8. Perform inference:
```
with torch.no_grad():
    outputs = model(input_tensor)
```
We run the image through the model. The `with torch.no_grad():` context ensures that we're not tracking gradients, which is not necessary for inference and saves memory.

9. Get and print the top prediction:
```
predicted_class_idx = outputs.logits.argmax(-1).item()
predicted_class = model.config.id2label.get(predicted_class_idx, f"Unknown (ID: {predicted_class_idx})")
print(f"The image is classified as: {predicted_class}")
```
We get the index of the highest logit, convert it to a class label using the model's `id2label` mapping, and print the result.

10. Get and print the top 5 predictions:
```
top5_prob, top5_catid = torch.topk(outputs.logits.softmax(dim=-1)[0], 5)
print("\nTop 5 predictions:")
for i in range(5):
    class_id = top5_catid[i].item()
    class_name = model.config.id2label.get(class_id, f"Unknown (ID: {class_id})")
    print(f"{class_name}: {top5_prob[i].item()*100:.2f}%")
```
We get the top 5 predictions, their probabilities, and print them.
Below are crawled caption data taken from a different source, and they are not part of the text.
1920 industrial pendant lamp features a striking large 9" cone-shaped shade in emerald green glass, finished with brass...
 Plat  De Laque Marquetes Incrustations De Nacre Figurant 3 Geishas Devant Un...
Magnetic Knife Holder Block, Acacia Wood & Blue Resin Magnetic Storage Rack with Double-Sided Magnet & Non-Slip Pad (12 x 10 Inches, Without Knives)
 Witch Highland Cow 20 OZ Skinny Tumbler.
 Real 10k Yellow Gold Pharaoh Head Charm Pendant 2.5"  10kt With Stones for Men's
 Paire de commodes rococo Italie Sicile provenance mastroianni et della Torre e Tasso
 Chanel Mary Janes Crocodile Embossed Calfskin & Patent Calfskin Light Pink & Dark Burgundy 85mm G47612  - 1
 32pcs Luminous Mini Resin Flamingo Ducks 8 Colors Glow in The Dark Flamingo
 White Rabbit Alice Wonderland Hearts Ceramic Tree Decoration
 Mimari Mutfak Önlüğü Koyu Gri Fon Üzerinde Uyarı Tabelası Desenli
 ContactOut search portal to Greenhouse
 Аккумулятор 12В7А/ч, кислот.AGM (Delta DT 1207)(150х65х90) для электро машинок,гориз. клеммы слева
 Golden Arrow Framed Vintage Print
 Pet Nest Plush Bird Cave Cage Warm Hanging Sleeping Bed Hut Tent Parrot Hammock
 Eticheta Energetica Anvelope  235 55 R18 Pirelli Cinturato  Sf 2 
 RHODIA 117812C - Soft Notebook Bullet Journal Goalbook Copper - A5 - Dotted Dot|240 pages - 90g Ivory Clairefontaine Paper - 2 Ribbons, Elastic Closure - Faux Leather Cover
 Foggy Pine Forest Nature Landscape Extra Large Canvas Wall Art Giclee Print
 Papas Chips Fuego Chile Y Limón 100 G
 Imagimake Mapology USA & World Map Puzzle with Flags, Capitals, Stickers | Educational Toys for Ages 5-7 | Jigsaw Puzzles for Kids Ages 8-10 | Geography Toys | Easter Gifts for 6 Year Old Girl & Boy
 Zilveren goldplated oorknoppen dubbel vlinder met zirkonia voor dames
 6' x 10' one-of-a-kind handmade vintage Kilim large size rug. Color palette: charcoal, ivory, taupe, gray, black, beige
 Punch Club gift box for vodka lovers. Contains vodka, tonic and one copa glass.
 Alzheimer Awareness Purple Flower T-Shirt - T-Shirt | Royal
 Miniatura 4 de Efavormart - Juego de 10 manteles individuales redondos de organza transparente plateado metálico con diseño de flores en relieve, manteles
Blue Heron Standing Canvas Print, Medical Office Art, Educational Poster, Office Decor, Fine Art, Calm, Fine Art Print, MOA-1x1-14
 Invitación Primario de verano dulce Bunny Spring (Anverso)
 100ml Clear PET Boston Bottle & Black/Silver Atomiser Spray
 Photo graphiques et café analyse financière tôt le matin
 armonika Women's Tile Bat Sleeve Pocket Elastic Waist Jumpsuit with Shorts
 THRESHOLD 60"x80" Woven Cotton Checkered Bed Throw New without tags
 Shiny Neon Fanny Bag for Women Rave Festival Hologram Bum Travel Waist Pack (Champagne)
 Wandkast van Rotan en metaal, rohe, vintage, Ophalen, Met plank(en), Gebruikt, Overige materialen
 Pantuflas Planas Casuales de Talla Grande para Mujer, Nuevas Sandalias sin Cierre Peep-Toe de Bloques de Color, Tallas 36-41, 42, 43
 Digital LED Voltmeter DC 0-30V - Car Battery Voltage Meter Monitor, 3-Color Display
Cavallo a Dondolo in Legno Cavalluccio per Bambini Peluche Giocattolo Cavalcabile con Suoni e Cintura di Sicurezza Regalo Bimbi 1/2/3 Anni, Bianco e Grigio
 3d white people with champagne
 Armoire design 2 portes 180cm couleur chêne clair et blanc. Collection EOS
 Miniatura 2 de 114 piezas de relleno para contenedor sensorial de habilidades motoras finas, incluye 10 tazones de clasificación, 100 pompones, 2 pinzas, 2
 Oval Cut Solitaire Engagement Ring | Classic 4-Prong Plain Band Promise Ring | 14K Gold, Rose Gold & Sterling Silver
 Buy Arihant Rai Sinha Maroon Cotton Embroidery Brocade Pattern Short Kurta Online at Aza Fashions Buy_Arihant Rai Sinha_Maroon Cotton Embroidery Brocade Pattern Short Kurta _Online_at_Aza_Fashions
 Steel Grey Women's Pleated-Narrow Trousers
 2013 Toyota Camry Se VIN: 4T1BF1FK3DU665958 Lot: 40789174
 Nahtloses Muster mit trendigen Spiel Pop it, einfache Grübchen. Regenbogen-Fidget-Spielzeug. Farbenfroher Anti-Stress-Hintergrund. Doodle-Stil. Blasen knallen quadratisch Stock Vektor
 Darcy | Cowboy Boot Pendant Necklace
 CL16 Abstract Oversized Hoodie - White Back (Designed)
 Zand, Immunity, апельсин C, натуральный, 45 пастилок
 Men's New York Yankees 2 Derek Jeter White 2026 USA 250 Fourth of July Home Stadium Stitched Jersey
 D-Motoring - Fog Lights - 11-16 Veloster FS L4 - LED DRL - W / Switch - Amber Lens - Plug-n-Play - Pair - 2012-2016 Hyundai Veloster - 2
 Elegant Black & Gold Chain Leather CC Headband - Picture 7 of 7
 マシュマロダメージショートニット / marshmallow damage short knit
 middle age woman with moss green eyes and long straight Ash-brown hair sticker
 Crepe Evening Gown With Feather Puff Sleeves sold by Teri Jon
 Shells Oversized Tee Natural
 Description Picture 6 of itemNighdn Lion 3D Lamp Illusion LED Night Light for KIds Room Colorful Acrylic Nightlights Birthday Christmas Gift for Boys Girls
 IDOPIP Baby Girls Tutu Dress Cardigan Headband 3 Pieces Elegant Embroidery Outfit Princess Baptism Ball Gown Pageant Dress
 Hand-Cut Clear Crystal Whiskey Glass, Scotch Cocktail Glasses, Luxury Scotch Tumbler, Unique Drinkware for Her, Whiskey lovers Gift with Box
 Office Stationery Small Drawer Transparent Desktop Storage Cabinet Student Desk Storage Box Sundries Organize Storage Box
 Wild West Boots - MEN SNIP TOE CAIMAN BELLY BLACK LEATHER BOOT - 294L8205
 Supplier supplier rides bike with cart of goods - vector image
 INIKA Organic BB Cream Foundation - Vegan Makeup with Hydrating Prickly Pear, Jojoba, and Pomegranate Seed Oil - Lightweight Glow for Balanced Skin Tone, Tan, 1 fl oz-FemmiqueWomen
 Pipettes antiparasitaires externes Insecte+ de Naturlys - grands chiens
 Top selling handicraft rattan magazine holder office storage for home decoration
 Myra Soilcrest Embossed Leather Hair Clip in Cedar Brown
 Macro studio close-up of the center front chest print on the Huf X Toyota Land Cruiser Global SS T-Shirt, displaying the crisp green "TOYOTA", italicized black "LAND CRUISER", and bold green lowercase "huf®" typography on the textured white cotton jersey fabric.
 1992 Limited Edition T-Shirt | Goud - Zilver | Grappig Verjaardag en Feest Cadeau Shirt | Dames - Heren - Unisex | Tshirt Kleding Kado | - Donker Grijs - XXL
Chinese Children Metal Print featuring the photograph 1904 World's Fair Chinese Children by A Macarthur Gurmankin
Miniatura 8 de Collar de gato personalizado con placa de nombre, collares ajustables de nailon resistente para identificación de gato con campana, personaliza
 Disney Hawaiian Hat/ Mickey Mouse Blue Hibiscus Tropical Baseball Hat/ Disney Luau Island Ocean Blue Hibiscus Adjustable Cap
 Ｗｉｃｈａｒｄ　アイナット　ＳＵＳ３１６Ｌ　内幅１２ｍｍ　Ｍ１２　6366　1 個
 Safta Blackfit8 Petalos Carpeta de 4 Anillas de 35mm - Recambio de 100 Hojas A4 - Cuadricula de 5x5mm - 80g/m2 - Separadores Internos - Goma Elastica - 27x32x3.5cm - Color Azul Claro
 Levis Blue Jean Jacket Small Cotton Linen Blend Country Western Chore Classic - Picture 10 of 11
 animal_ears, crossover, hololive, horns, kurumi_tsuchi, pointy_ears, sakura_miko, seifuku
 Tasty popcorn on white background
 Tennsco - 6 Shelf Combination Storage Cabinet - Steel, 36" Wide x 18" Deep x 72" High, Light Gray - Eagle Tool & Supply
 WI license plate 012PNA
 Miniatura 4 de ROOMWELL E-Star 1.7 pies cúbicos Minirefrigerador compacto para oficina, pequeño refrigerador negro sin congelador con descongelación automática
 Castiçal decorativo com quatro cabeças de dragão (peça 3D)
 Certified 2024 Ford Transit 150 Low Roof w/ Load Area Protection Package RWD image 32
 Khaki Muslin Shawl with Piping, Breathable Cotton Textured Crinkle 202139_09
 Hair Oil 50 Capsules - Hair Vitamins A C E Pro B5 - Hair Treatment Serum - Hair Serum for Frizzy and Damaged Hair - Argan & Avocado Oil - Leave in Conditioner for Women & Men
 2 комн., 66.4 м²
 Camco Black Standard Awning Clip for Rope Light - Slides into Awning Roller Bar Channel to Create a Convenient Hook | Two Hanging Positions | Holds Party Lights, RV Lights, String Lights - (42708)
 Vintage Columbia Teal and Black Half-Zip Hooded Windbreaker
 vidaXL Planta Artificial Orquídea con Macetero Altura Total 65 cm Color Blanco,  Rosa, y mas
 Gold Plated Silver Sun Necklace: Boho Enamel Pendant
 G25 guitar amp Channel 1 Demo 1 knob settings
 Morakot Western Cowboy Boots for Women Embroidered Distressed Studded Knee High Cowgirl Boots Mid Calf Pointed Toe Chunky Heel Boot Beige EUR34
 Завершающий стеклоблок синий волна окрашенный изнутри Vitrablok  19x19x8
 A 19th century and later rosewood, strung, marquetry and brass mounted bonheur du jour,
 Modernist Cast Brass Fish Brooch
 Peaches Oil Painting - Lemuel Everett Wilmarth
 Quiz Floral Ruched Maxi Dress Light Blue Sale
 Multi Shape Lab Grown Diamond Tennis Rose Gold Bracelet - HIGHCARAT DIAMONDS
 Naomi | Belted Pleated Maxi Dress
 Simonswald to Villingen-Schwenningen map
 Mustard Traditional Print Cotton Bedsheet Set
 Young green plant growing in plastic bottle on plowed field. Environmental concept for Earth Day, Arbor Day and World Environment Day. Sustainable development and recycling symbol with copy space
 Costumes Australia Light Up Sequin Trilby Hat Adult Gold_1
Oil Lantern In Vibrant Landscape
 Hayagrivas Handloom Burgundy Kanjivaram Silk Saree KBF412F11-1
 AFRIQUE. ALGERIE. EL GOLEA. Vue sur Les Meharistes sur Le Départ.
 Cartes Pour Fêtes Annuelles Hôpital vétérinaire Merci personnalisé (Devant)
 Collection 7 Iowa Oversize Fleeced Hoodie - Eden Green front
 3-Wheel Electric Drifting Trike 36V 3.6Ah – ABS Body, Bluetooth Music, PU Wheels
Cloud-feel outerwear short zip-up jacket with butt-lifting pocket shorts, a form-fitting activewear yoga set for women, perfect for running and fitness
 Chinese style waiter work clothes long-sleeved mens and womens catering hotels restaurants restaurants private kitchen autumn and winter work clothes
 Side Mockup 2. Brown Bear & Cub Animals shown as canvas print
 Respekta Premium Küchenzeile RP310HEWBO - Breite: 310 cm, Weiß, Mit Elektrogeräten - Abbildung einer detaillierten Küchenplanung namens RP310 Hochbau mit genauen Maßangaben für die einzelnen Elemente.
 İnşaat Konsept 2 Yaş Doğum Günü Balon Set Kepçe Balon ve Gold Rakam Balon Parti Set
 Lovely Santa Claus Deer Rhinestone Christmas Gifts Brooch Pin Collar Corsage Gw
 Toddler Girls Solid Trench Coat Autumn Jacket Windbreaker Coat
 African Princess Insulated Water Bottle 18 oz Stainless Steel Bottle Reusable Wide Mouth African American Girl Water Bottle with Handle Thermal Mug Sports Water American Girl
We use `get()` on `id2label` to handle cases where the ID might not be in the mapping.

11. Print information about the model's classes:
```python
print(f"\nTotal number of classes: {len(model.config.id2label)}")
print(f"Range of class IDs: 0 to {len(model.config.id2label) - 1}")
```
This gives us information about the number of classes the model can predict and the range of class IDs.

This code demonstrates the full pipeline of loading a pre-trained model, preprocessing an image, running inference, and interpreting the results. It's a great example for students to understand how deep learning models are used for practical tasks like image classification.